柳蔭書翰

徒然なるままに、音楽関連の話題に拘らず、常ならんこの世の事々書き散らし諸兄のお耳汚しに供したく思います。

不知

2024-08-12 10:10:05 | Weblog

宮本常一をご存知でしょう。当地周防大島の出身で柳田国男や折口信夫に並び称される民俗学の巨頭です。どの読み物が端緒だったかは忘れましたが、この人の大島の昔話を何かで読んで、もともと地方の昔話に惹かれる性質(例えば小泉八雲と遠野物語とか)だったものでこの人が大島の出身だとはつゆ知らぬままに孫引きで本を集めて一時はまって多く読みました。
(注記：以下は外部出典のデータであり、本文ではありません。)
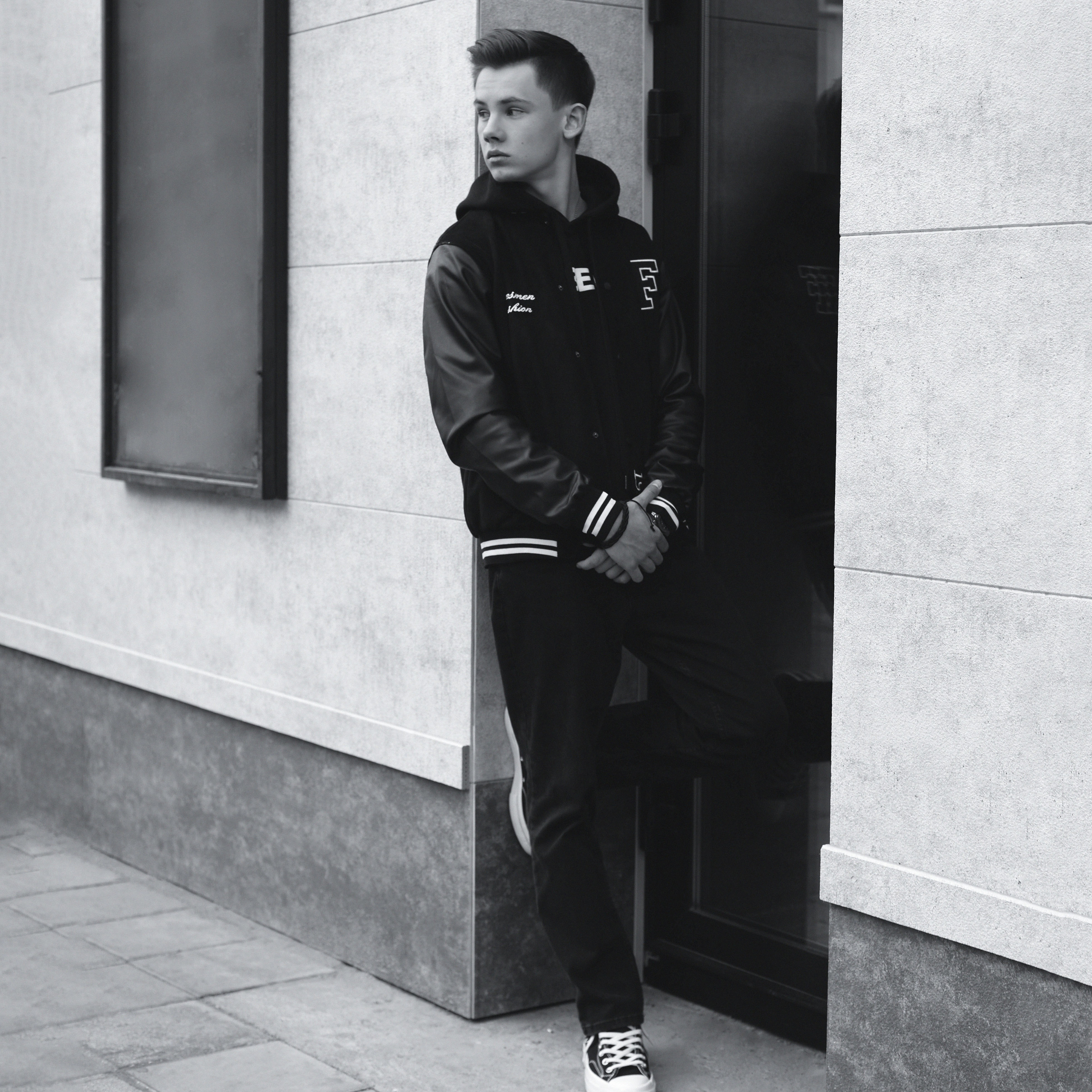 Кирилл. Abramova Julia — Фотограф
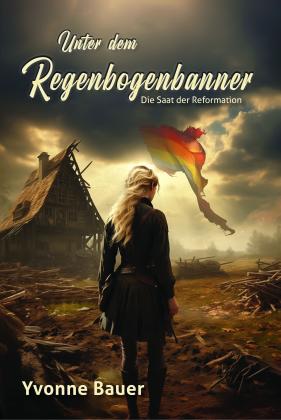 Yvonne Bauer: Unter dem Regenbogenbanner 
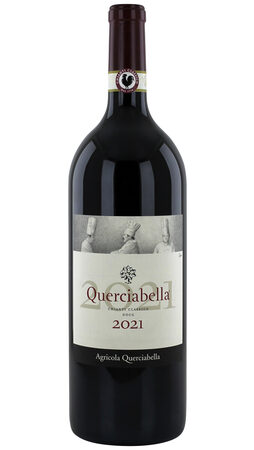 2021 Querciabella - Chianti Classico DOCG 1,5 l - Magnum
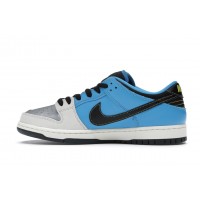 Кроссовки Nike SB Dunk Low Instant Skateboards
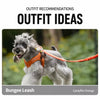 Adjustable Magnetic Vest Harness for Small Dogs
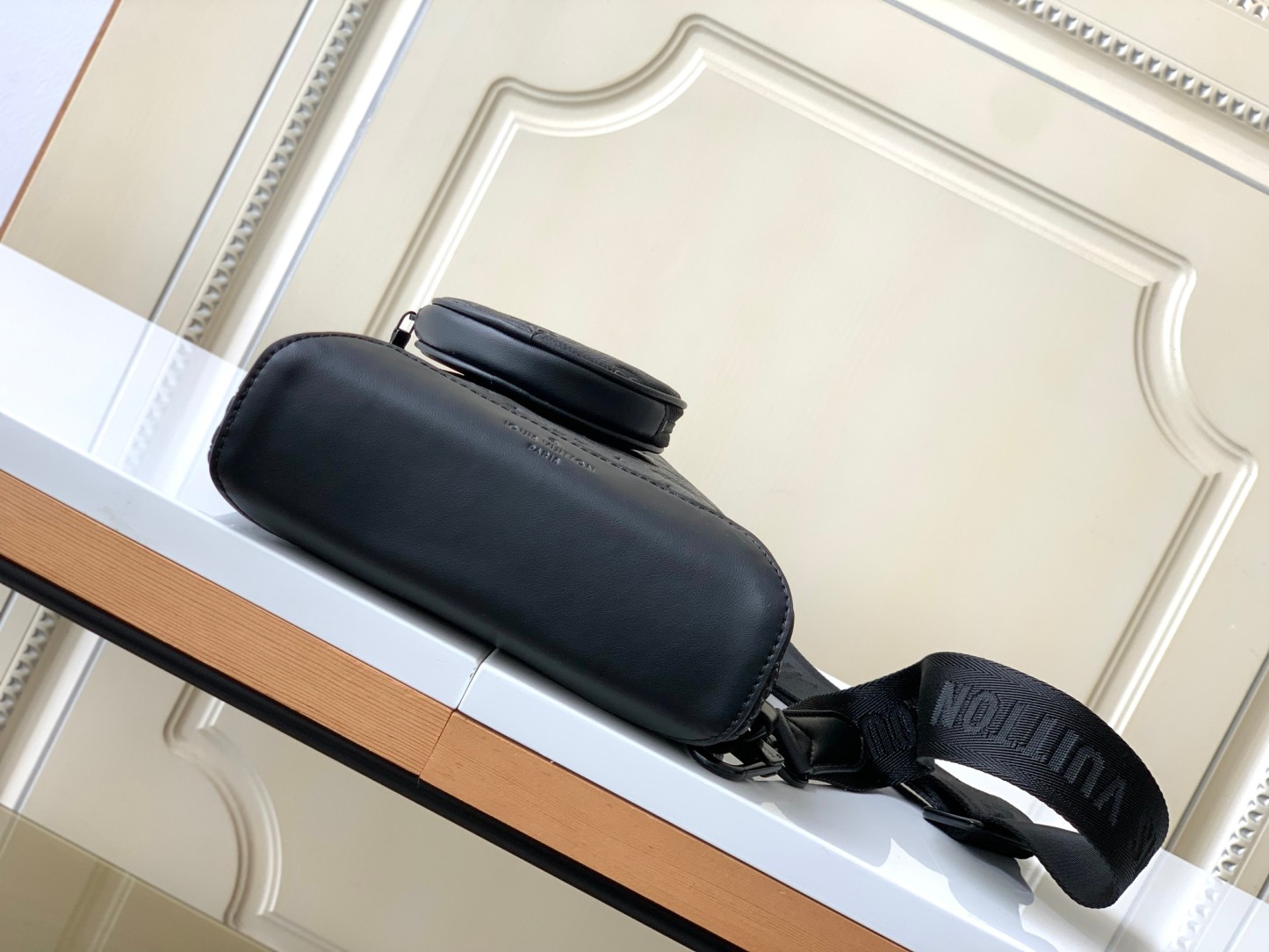 ルイ・ヴィトン「Louis Vuitton」メンズ ウエストバッグ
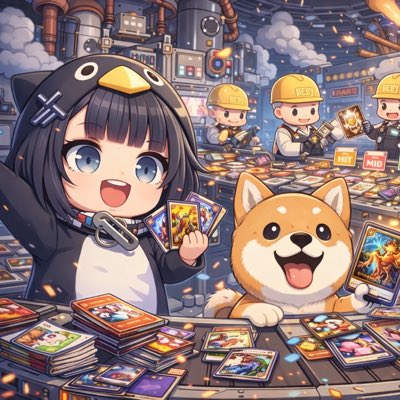 Lake In The Dark Productions™ tweet media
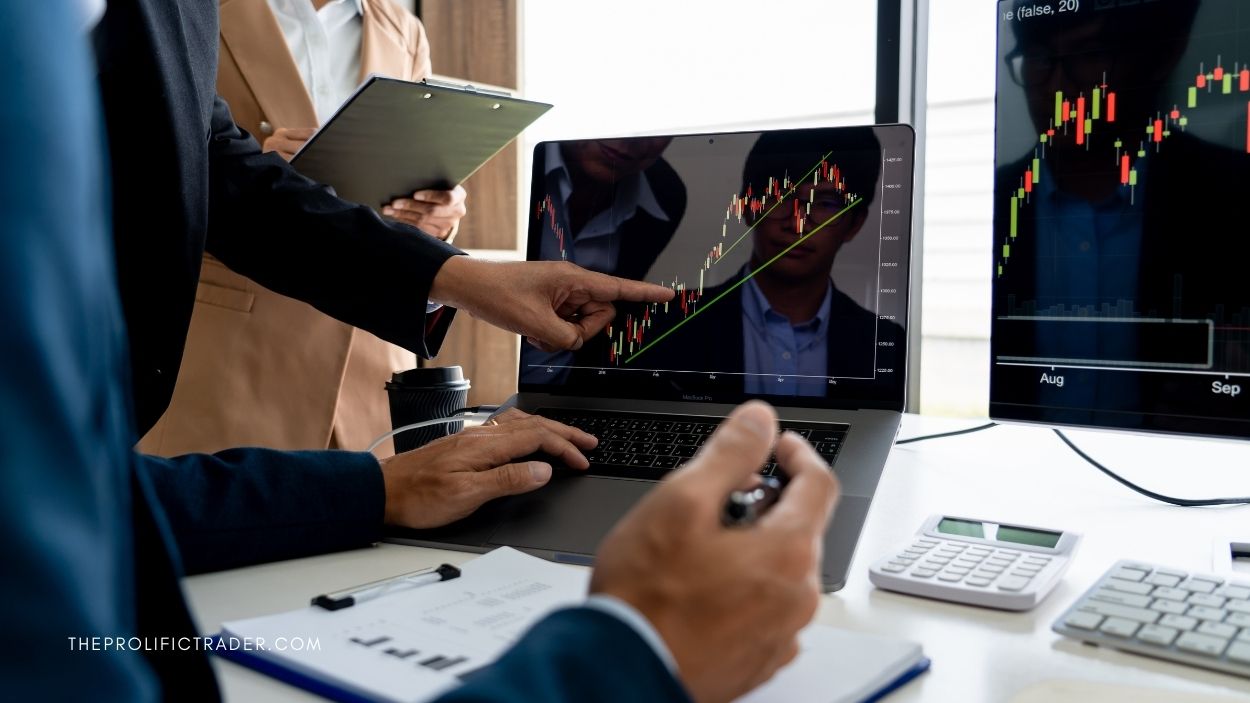How to choose a broker for day trading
土佐源氏は有名です、誰かが一人芝居で採り上げてることも知りました(こちらも有名だとのことです)。初めて読んだ時に引き込まれたこと覚えてます。長い物語ではないですが一気に読むというヤツです。情景がありありと目の前に浮かびます。それこそ昔の日本の原風景です、白黒映画をみているようにです。で、その土佐源氏、私が知らぬだけで業界では周知の事実なのかもしれませんが、「実は創作だった」との記事が載ってました(毎日8/10 喫水線)。少々の「盛り」や脚色はあるはずです。司馬遼太郎の一連の歴史モノがそうですからね、読み手は史実と思ってますがあれは小説ですから。そこを更に抉るとは何か新しい発見があったのか。記事にはあの話には実在したモデルがいて、かなりの作者の脚色が施されているのだと。主人公は博労崩れの乞食との設定だが実は違うのだと。それで親族から抗議があったこともあると。ということはこれは知る人ぞ知る、業界では周知の裏話なのでしょうね。へぇ、そうなのかぁ。さらに記事は、この話には原作本、元ネタがあったと続きます。その名も「土佐乞食のいろざんげ」。そのままじゃないですか。こりゃ読みたいと思ってすぐにアマゾンで調べましたがあるにはあるのですが稀覯本扱いです、そうかぁ残念。この記事の著者(井上英介)は、創作を加えることにより単なる民俗資料を越えた永遠の輝きを与えていると何だかよくわからない結論で、実はこの有名な一編はパクリなんだと暴き難じている切っ先を誤魔化してますが、民俗学の定義の問題になるのでしょうか。単なる民俗資料の羅列、宮本常一は故郷大島の風俗慣習農耕漁業に関する膨大な資料も書籍で残してますが、データの羅列では誰も読まないですわね、研究者を除けば。そこについては記事の著者は「人の奥底の心情に肉薄するとき、文学性を帯びざるを得ない」とまたまたかなりのこじつけ牽強付会調にパクリを擁護します。そんなことどちらでもいいじゃないかと思いますがね。京極夏彦や夢枕獏の小説とは読む側も一線引いてますよね。でも、この手の暴露モノはやはり興ざめではあります。知らんでもよかったなぁと。